The Seton Hall men’s basketball team fell to Providence on the road, 72-63, on Tuesday night after committing a season-high 22 turnovers.
The turnover total was the highest in a game for Seton Hall since 2016, and the Pirates continued to pile them up down the stretch. After a difficult and-one from Myles Powell to make the game 40-38, the Pirates coughed the ball up 10 times in the last 15 minutes of the game and caused the Friars to stretch a lead that they would not relinquish.
In the first half, both teams played loosely with the basketball, but Seton Hall commanded the tempo of the game. Myles Cale opened the game hot with two threes that would put the Pirates up 12-6 early on. Cale also grabbed seven rebounds in the first half, being extremely active on the glass.
The last five minutes of the half reflected how chippy the game was, as the lead went back and forth. Michael Nzei got in early foul trouble and forced the freshman Darnell Brodie into action to close out the half. Brodie saw key defensive minutes and finished a dunk that ignited the team to maintain the lead at the time.

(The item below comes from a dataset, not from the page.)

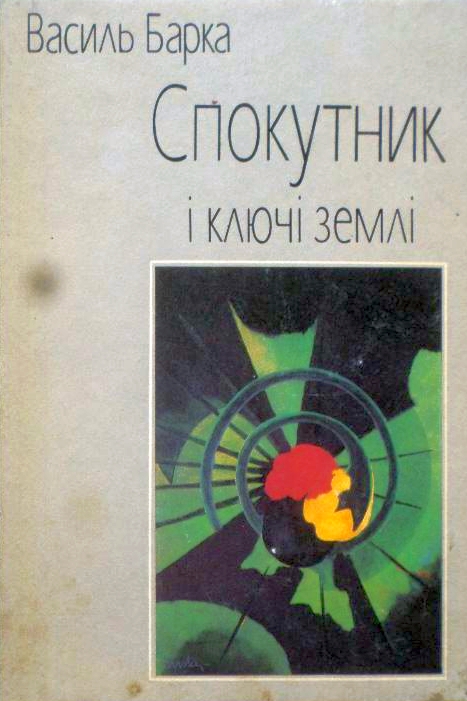 Спокутник i ключi землi - Василь Барка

Providence led by one with a minute to go in the half, but Seton Hall fought back with layups by Quincy McKnight and Powell, who had nine points at the half, to retake the lead. The Pirates went into the locker room up 33-30.

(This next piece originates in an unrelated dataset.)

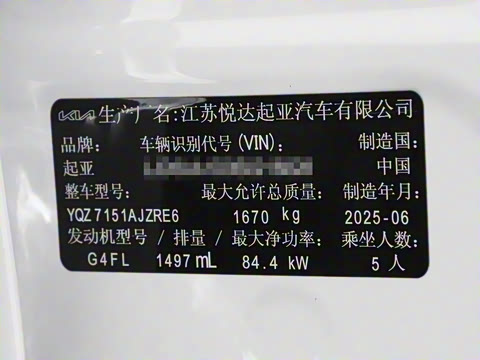 2026�� 1.5L IVT������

With both teams continuing to trade baskets, the Friars were able to capitalize on the Pirates’ turnovers resulting in 13 points off of breaks. The Pirates also gave up 12 second chances points, making a comeback difficult.
Sandro Mamukelashvili also struggled to get into a rhythm, as he picked up his fourth foul with 12 minutes left in the second half. As he re-entered the game later in the half, he scored his first and only points of the game – after scoring double figures in three out of the last five games.
The Pirates now enter a losing skid, as they have lost three of the last four games in Big East play.
Up next for the Pirates is a home game against DePaul on Jan. 19. Tip-off is scheduled for 8 p.m.